I wish to implement the DataFrame library for Boost. I have made the project proposal and am attaching the same.
As, this project is an expansion of the previous project
there are a few directions that I would like to work in whichever adds more to the project.
1. We could be to keep the existing code base as it is and implement new features on top of it.
2. We could try to restructure the code into Modules(C++20 feature) and then implement the features.
3. Or, we could restructure the code without ET but rather using C++20 One Ranges. This makes more sense to me as I believe that uBlas is being ported to C++20.
The DataFrame would include the following features:
1. All the features already present(union, combine, join).
2. Read/write from DataFrame using JSON(boost::property_tree to DataFrame)
3. Operator support for addition, subtraction, multiplication, division, modulo and power, etc as well as support for comparison operators.

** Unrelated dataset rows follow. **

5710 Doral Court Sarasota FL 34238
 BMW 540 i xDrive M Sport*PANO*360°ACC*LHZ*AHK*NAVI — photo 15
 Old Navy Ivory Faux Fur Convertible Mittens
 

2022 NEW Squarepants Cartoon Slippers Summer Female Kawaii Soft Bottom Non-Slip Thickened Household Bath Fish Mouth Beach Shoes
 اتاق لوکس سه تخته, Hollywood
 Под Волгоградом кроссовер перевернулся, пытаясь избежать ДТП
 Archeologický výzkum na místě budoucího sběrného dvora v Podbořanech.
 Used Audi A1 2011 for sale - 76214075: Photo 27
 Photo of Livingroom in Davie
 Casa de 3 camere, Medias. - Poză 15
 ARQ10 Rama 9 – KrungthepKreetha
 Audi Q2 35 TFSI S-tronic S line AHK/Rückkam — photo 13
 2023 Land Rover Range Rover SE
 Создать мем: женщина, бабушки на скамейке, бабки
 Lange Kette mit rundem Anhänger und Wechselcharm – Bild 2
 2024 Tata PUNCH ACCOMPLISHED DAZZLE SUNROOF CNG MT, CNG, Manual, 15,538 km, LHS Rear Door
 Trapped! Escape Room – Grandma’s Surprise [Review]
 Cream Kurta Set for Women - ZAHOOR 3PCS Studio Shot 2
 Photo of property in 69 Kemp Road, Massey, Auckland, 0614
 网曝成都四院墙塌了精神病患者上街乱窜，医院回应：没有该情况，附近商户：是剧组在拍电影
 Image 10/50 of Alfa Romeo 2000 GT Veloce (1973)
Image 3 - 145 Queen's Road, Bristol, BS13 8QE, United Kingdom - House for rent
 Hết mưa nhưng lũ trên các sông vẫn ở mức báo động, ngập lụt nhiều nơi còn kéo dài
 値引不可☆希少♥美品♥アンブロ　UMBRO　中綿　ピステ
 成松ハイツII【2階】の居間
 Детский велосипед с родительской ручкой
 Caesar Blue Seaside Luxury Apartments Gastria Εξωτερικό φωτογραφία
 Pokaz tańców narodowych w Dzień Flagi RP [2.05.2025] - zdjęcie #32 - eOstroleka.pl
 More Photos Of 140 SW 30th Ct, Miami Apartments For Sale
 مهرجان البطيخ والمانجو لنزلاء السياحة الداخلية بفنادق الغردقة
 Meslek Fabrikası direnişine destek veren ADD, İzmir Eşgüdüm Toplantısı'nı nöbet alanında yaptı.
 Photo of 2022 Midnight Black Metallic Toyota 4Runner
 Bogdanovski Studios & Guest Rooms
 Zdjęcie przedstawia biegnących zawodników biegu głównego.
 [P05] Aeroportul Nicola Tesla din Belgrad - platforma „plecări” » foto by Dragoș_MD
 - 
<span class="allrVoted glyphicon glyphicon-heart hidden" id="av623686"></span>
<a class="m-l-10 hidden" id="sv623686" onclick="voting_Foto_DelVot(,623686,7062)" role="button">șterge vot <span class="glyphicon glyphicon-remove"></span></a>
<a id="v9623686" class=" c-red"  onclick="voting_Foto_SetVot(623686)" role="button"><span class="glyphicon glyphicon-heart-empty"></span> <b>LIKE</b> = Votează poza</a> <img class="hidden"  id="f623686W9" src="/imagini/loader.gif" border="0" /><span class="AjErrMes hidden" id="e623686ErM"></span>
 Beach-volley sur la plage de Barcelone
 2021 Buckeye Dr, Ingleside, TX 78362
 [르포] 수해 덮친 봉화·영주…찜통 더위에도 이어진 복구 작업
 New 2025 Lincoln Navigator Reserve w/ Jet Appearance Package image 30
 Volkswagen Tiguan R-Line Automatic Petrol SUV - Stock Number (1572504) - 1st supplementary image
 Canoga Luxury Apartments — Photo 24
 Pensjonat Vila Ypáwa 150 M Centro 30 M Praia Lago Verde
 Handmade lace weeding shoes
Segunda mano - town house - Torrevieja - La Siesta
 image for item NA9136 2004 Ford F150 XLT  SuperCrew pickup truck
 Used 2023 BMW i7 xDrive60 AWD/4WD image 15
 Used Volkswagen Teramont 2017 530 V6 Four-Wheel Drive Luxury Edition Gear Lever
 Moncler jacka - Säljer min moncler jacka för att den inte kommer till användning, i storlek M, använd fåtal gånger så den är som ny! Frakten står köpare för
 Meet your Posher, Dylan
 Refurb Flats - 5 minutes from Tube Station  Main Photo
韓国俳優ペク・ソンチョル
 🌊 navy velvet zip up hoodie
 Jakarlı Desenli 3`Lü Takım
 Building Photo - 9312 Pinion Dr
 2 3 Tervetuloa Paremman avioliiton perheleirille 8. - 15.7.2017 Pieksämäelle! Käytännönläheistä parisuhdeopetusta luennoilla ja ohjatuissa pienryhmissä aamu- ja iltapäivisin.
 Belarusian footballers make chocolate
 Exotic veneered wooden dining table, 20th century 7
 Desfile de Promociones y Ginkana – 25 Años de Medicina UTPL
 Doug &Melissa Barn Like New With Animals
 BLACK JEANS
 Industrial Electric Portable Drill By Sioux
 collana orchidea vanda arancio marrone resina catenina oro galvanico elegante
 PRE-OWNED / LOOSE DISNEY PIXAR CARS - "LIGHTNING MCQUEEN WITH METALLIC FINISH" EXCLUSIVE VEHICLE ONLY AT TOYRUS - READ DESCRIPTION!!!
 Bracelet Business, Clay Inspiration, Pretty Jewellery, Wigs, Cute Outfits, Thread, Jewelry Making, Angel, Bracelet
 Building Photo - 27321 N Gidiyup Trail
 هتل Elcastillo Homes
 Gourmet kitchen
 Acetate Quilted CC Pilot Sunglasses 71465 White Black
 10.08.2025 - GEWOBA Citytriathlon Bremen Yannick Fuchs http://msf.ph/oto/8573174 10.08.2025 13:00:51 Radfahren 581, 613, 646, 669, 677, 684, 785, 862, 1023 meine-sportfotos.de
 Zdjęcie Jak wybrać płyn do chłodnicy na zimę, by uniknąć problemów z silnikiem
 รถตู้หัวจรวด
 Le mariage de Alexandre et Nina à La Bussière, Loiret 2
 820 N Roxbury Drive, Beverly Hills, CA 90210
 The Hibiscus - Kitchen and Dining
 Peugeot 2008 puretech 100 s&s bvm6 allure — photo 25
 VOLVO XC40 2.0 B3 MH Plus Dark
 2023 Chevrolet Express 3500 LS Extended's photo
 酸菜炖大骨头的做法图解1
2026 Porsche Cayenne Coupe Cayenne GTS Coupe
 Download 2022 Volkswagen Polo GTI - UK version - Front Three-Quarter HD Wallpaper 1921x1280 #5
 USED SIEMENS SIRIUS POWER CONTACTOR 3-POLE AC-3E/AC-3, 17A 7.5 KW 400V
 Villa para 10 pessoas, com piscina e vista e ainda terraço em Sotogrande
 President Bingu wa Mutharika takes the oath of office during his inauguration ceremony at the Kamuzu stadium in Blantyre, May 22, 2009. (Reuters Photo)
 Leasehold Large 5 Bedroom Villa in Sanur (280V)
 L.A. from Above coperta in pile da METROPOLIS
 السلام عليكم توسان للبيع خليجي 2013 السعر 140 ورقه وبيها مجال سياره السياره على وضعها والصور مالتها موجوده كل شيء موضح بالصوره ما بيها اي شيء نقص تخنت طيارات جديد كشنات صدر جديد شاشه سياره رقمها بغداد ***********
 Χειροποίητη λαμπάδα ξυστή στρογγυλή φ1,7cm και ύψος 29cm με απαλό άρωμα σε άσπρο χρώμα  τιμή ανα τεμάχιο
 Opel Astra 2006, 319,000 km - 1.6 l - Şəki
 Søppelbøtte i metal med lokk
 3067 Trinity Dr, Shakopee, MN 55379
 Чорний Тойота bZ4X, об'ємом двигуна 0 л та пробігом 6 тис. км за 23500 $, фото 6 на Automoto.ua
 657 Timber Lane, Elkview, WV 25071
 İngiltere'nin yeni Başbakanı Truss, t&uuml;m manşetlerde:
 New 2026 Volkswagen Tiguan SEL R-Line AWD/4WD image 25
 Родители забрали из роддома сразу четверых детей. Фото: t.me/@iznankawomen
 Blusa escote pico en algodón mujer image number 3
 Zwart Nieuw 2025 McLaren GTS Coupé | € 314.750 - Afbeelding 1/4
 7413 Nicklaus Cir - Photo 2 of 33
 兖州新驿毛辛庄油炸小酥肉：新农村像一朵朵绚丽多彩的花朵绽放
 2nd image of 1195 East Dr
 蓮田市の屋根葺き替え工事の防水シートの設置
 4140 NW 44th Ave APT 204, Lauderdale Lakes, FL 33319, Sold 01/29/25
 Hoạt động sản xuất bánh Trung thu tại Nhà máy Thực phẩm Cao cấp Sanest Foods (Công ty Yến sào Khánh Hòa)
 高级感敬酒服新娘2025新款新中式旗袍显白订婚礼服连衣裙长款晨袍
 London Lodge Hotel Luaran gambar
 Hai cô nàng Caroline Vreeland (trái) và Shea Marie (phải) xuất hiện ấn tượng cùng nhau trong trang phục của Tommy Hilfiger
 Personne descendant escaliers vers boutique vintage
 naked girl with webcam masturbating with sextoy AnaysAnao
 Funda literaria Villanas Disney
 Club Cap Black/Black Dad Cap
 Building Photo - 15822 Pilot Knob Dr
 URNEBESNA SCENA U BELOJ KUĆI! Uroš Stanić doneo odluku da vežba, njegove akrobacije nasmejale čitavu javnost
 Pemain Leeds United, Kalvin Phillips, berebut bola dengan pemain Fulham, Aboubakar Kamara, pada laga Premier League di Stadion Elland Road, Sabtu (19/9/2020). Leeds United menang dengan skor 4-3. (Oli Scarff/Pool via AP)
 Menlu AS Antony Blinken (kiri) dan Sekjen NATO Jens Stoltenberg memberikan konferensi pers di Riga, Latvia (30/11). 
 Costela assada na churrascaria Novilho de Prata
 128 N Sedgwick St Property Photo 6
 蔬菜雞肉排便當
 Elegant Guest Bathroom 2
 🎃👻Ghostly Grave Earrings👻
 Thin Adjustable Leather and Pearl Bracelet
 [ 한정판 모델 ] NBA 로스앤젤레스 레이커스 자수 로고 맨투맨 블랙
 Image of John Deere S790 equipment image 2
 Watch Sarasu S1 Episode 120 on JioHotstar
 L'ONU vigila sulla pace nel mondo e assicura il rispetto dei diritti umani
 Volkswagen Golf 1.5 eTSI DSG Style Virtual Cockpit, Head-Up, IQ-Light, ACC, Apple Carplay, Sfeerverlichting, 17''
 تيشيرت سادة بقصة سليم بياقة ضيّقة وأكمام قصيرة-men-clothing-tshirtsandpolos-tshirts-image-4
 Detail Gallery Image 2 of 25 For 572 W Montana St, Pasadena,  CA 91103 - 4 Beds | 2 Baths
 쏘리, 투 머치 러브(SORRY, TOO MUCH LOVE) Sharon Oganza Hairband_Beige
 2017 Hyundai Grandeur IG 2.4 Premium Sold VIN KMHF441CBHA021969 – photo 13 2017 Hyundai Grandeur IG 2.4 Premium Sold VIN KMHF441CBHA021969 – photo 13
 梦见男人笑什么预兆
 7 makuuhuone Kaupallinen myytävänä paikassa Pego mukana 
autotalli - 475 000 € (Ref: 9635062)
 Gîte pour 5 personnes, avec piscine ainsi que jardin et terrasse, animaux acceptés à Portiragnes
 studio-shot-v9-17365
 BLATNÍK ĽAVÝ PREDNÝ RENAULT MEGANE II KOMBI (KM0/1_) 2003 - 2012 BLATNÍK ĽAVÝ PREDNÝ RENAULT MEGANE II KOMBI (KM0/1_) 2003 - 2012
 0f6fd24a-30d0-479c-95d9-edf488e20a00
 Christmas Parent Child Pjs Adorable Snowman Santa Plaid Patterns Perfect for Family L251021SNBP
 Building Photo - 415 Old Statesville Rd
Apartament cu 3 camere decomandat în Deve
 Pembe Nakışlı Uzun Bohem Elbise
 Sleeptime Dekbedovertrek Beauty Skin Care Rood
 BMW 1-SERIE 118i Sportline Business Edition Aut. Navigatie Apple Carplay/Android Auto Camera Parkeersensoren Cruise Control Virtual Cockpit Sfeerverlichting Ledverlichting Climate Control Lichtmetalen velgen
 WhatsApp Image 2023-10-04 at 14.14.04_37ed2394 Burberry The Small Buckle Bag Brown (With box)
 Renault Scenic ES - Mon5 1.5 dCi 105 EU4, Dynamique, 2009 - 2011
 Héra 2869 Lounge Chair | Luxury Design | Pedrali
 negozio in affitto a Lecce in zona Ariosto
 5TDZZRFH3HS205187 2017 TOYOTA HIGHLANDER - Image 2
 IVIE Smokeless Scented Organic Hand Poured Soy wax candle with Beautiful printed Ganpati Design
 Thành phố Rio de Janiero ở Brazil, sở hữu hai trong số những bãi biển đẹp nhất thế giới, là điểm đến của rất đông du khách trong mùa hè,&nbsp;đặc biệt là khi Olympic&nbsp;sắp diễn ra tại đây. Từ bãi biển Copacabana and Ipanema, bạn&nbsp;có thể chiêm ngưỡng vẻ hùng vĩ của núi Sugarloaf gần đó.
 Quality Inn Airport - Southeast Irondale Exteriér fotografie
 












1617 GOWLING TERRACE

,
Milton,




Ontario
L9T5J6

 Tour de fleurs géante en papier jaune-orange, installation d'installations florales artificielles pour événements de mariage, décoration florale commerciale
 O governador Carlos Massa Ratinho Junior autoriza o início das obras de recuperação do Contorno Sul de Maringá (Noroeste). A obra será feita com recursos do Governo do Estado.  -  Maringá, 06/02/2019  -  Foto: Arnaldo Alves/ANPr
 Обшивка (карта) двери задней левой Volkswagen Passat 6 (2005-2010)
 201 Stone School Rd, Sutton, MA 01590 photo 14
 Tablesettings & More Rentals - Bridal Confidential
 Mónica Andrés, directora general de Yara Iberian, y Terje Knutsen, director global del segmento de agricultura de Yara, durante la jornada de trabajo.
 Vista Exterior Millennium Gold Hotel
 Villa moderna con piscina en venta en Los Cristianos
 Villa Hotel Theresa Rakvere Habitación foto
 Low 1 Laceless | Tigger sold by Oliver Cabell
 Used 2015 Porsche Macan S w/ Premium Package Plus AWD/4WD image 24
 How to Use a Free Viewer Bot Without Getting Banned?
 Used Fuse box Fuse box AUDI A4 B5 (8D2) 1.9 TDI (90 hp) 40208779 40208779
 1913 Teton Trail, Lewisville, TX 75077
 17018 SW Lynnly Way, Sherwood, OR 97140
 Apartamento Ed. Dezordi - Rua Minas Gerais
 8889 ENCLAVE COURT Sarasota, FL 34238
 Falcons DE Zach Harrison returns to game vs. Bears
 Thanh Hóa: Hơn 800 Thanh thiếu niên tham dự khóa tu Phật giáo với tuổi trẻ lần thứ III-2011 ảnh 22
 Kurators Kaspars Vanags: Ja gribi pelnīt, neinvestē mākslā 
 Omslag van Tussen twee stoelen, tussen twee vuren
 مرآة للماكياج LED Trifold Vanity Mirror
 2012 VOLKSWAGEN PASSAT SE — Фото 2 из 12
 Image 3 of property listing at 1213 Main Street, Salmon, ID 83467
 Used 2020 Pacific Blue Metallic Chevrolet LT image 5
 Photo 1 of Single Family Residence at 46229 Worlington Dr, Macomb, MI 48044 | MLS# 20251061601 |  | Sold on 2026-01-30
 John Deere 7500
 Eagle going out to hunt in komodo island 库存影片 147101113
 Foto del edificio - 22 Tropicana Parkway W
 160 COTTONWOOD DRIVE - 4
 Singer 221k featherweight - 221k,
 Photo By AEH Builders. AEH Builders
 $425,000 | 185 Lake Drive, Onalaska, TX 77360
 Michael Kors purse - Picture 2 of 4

4. Functions to perform apply, apply_element_wise, aggregate, transform and expand on a given DataFrame.
5. Data analysis tools for standard deviation, variance, mean, etc.
6. Re-indexing methods like replace, duplicate, filter, etc.
7. Reshaping methods for sorting, append, pivot, etc.
Full Details of the same can be found in the Project Proposal.
I have been in contact with David Bellot for the past week regarding GSoC. I have completed the first draft of the competency check and sent the same to him. I would love to work I am requesting him to be assigned as a mentor for the same.
This is an official application for the GSoC' 20. I am open to any and all suggestions.